The Rev. Hal Chorpenning,
Plymouth Congregational UCC
Fort Collins, Colorado
In the 2009 science fiction film, Avatar, there is an alien race called the Navi, and one of the distinctive things about this movie is that a linguistics professor from USC created an entire language for the Navi. And the way this species said “hello” in that new language, Kal ti, literally means, “I see you.”
If you were creating a language from scratch, would you think of using “I see you” or I behold you” as a way of saying, “Hello”?
There are certainly moments in each of our lives when we feel unseen, even invisible, as if people don’t notice us or intentionally ignore us. If you are the new kid in class or you’ve just moved across the country, you want your classmates and neighbors to notice you, to connect with you, and to offer a friendly welcome. You want them to say, “I see you.” Even for those of us who are somewhat shy, we want to be seen. And that is especially true in a church — even more so in a religious tradition that is a little unfamiliar. We want to be seen and acknowledged and welcomed. As someone who is a bit introverted, coffee hour can be the most daunting part of a visit to a new church. Everyone else seems to belong, seems to know others, seems to have friends to connect with. It can be awkward, unless someone sees you, comes up, and engages you in conversation.
When I was serving as associate conference minister in Connecticut, and then realized that I needed to be back in parish ministry, I found a church in Vermont that was looking for a minister, so I drove up early on a Sunday morning to check it out…just to be an unannounced visitor there.

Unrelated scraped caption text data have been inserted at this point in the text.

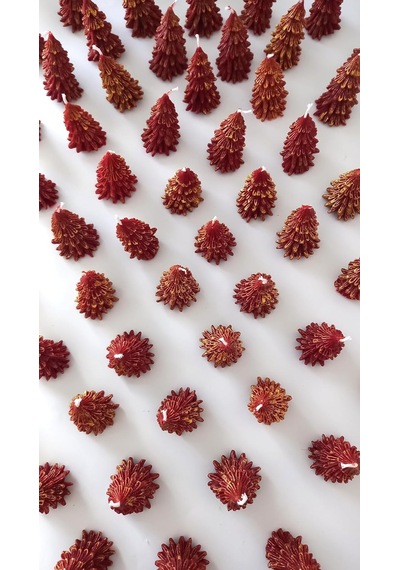 Petekoğlu Doğal Petek Balmumu Mum Kırmızı Altın Simli Çam Ağacı Boy 8.5 Cm Bal Mumu Beeswax Candle Diğer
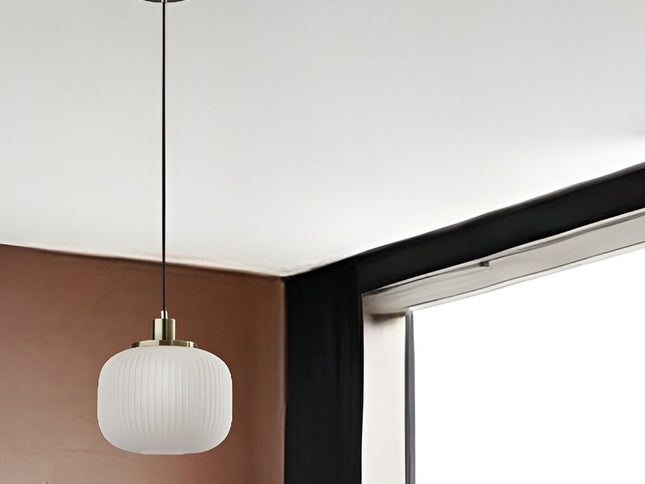 Striped Glass Glow Metal Pendant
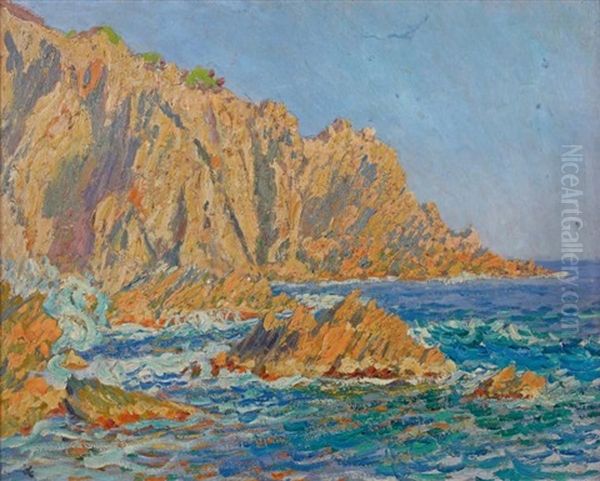 Rochers Fauves De Porquerolles Oil Painting by Jean Francis Auburtin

Now, one of the things to know about archetypal New Englanders is that they a bit laconic…not known for interpersonal warmth, exuberance, or friendliness. In Maine, unless you were born there, you are “from away” and on Cape Cod, they call you a “wash-ashore.” So, attending the service in a lovely white meeting house in Vermont, I was able to walk in, worship with them, go to coffee hour, and drive home to Connecticut, and the only greeting I received was a cursory handshake from the interim minister. Needless to say, I realized that this church and I were not meant for each other.
When we in the church fail to say “Hello!” we are neglecting a big piece of what it means to be Christian, because we are missing the bond of fellowship and connection. When we don’t say, “Hello!” we are sending the message, “I don’t see you.” I hope the message that we send at Plymouth — especially our longtime members is that not only do we see you, not only are you welcome here, you belong! No one is “from away.”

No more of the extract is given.